The answer must reproduce all of the data below exactly and contain no images.
---- Material provided
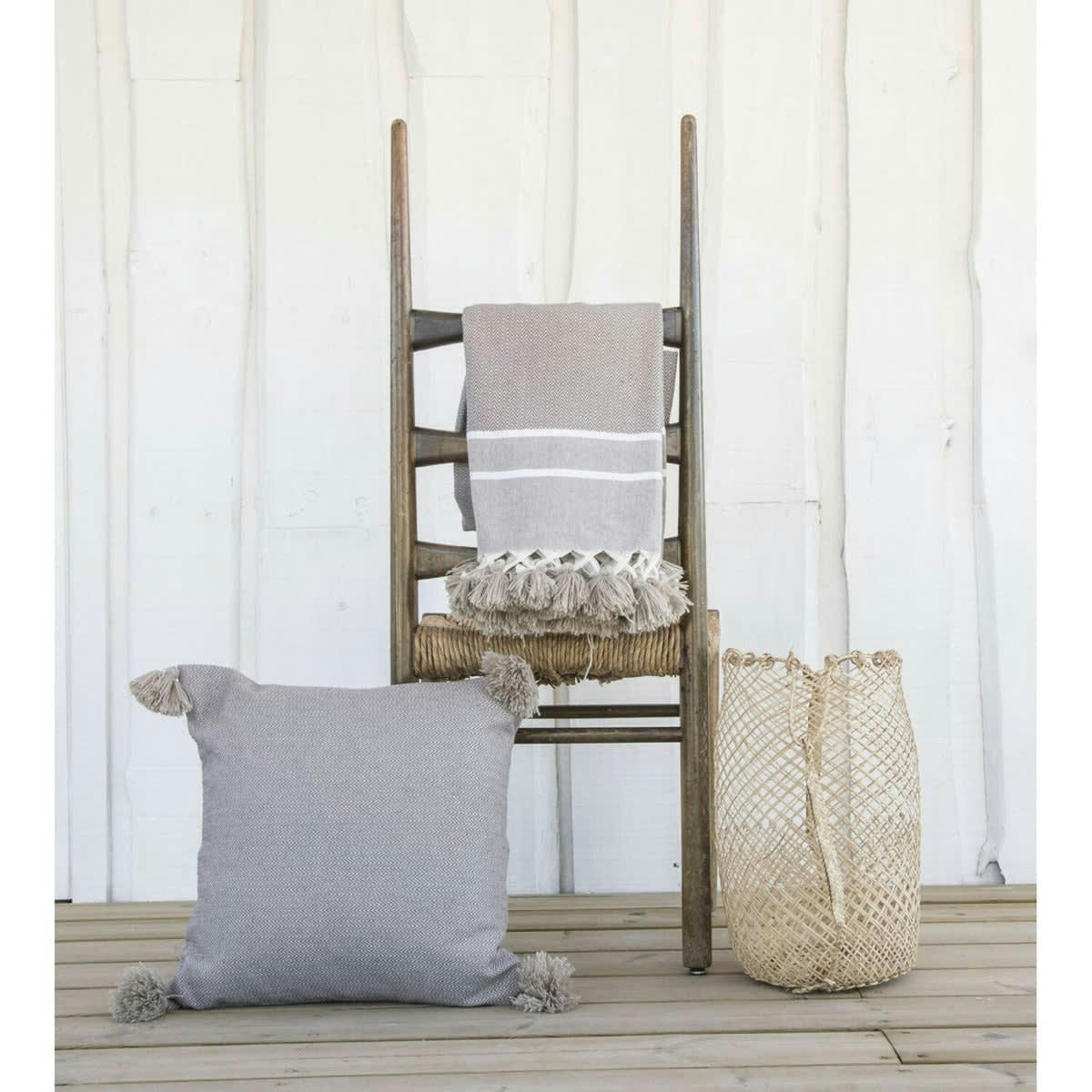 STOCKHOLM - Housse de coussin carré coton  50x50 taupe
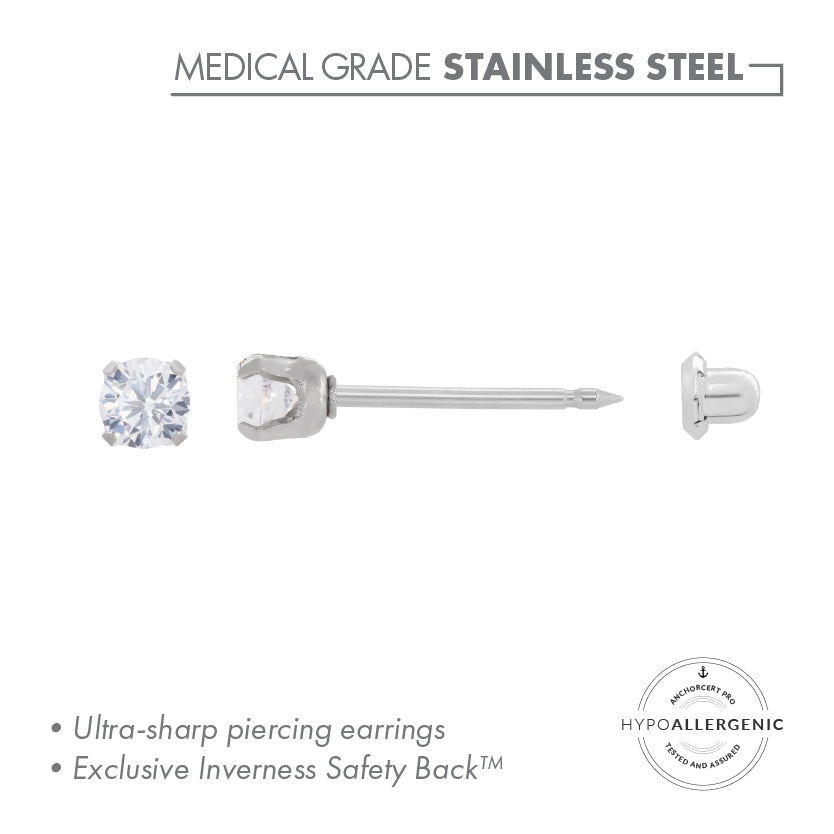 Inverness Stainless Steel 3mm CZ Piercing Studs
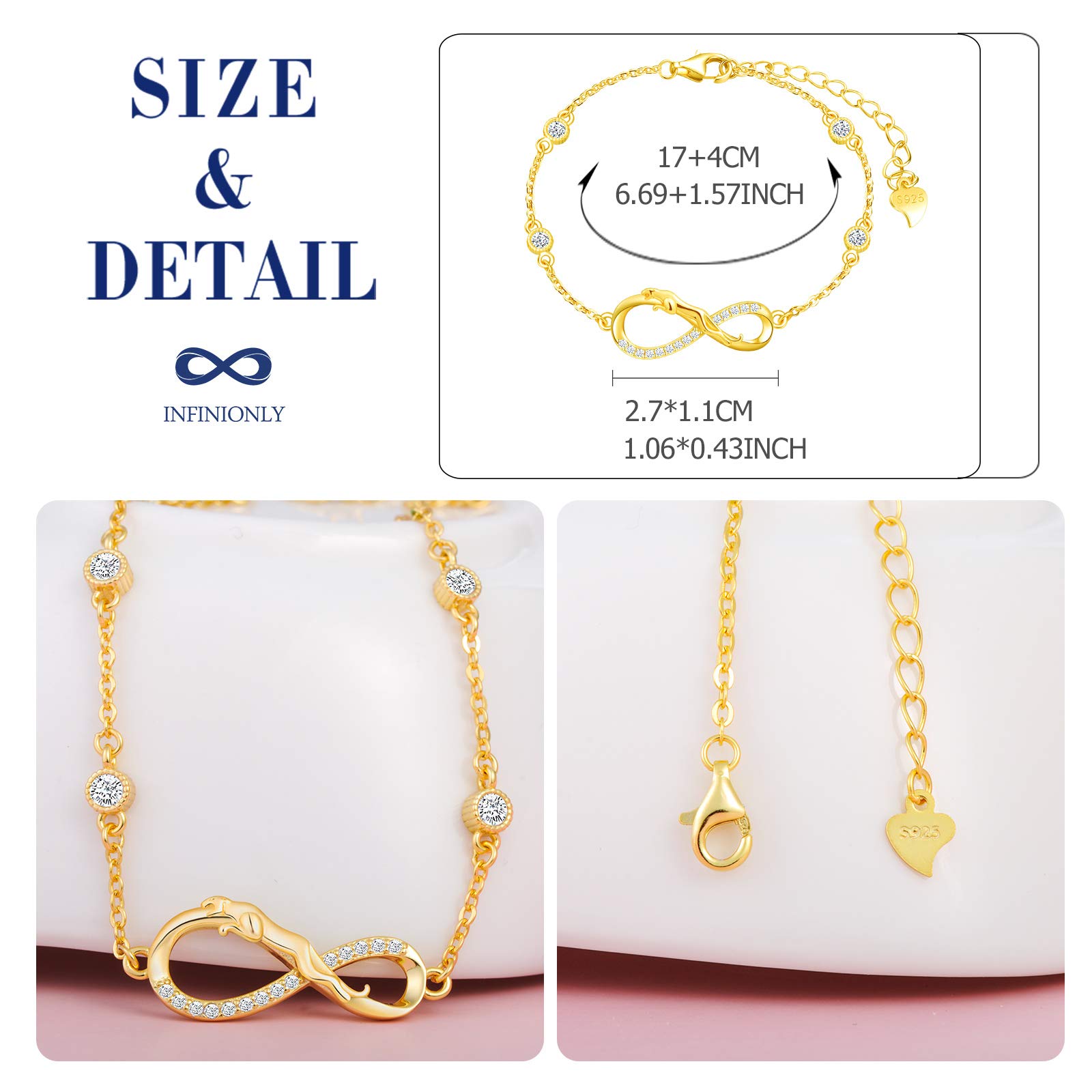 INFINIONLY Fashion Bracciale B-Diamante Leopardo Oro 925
--------
Exercise solution ▸
 STOCKHOLM - Housse de coussin carré coton  50x50 taupe
 Inverness Stainless Steel 3mm CZ Piercing Studs
 INFINIONLY Fashion Bracciale B-Diamante Leopardo Oro 925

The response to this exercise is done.